Required work:
Print exactly the lines below between the line holding "person washing buildings exterior" and the line holding "Вид сверху на", inclusive, and nothing more.

Supplied records:

------------------------

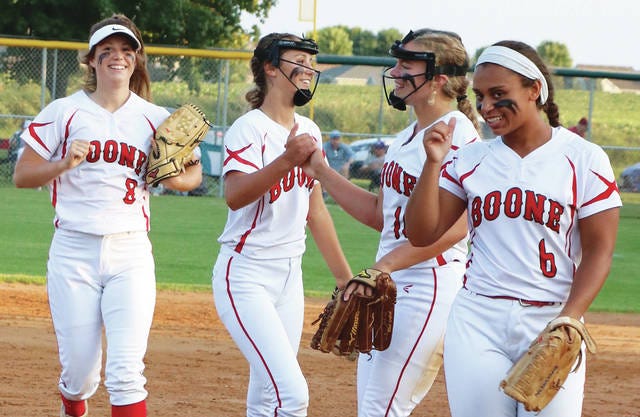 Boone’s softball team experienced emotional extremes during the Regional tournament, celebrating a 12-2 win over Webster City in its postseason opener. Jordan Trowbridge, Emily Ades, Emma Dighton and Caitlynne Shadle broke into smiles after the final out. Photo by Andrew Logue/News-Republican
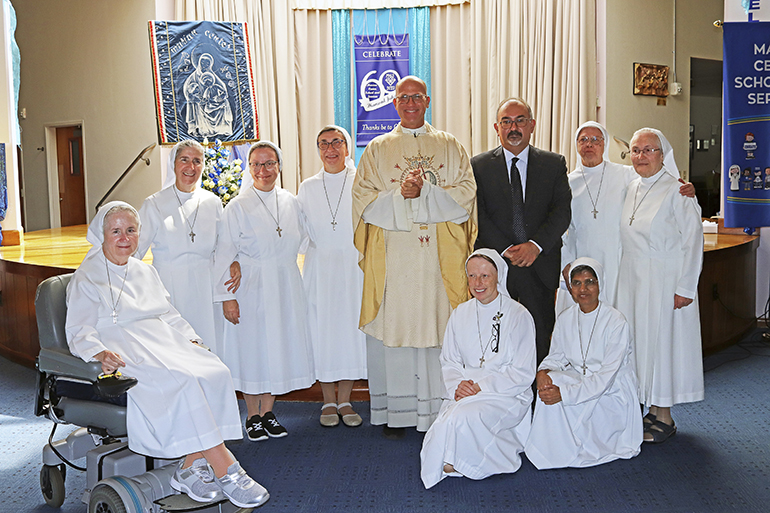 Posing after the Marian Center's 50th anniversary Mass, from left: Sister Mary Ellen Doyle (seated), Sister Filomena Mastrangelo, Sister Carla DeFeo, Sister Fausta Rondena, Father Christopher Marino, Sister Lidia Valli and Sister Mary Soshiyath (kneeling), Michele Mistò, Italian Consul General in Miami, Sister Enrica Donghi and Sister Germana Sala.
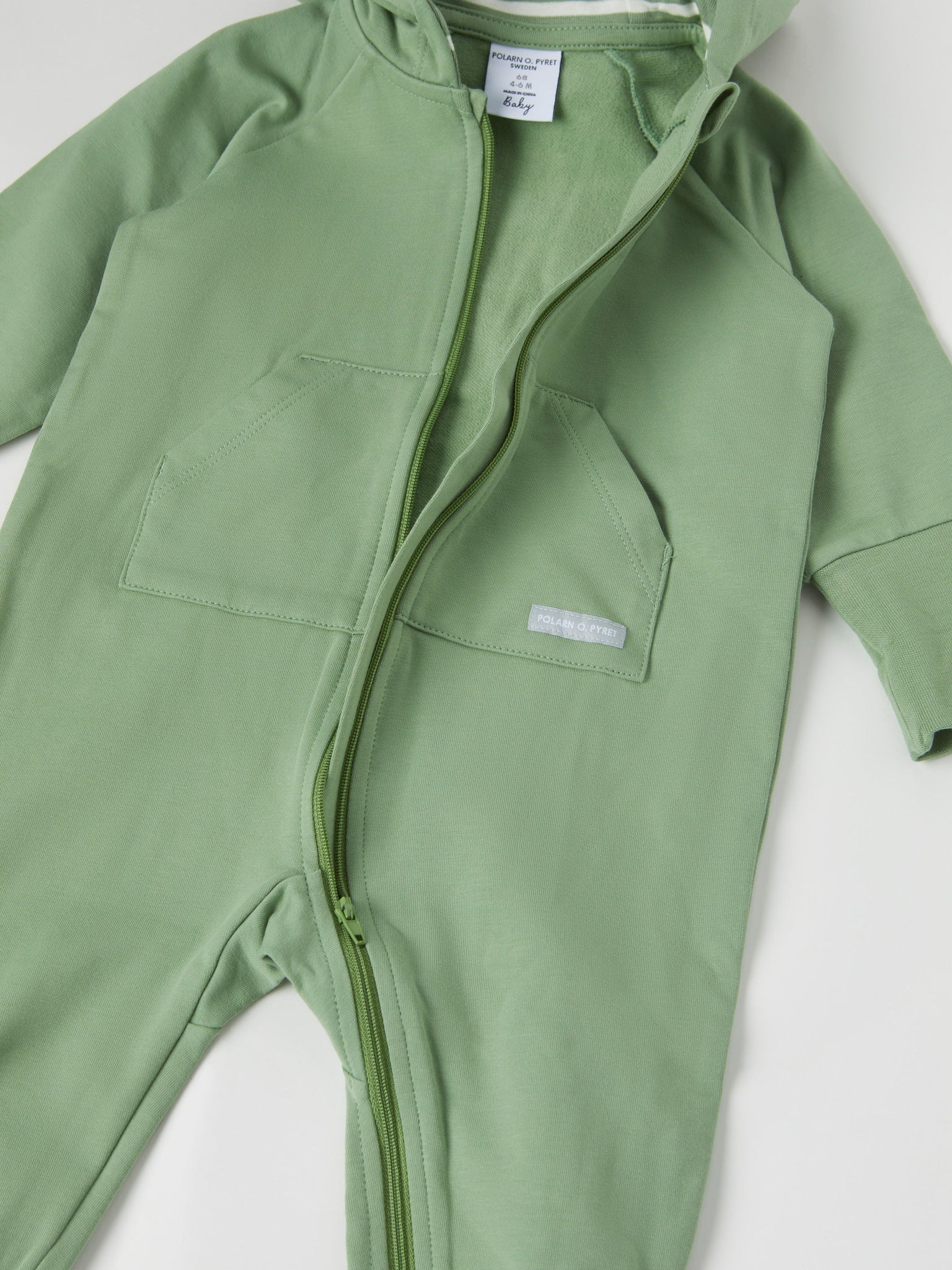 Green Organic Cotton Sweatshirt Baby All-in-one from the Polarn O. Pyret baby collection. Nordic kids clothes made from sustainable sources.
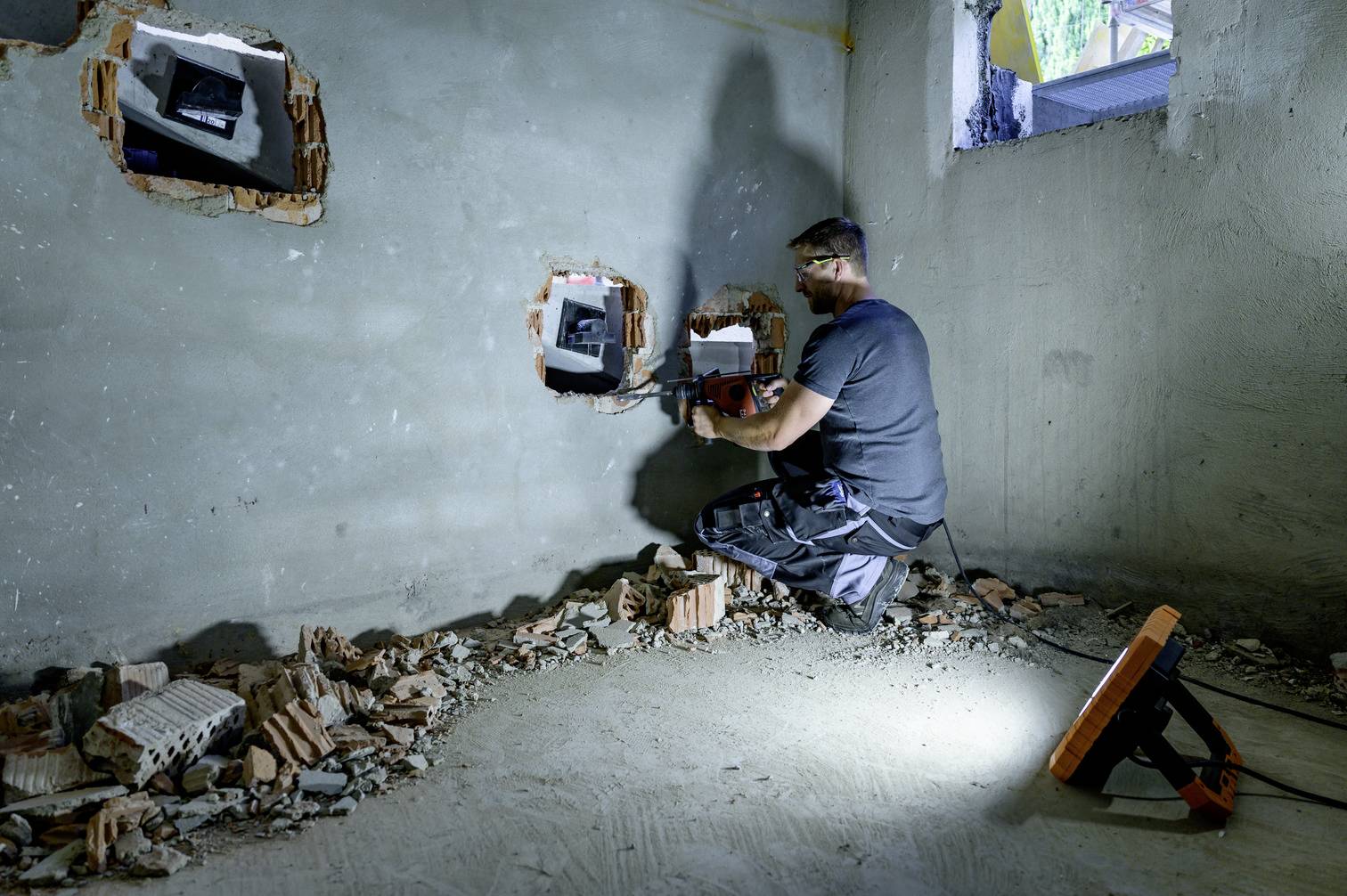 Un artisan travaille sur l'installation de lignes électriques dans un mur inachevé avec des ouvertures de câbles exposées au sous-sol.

------------------------

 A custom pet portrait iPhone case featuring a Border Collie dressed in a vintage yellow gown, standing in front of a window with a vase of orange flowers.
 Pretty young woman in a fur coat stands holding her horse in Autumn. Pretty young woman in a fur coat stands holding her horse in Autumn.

------------------------

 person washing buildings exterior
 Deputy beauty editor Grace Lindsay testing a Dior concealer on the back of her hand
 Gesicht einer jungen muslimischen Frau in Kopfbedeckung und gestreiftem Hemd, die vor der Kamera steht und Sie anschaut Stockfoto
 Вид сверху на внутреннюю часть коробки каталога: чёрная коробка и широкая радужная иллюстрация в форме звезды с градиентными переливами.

------------------------

Written answer:
 person washing buildings exterior
 Deputy beauty editor Grace Lindsay testing a Dior concealer on the back of her hand
 Gesicht einer jungen muslimischen Frau in Kopfbedeckung und gestreiftem Hemd, die vor der Kamera steht und Sie anschaut Stockfoto
 Вид сверху на внутреннюю часть коробки каталога: чёрная коробка и широкая радужная иллюстрация в форме звезды с градиентными переливами.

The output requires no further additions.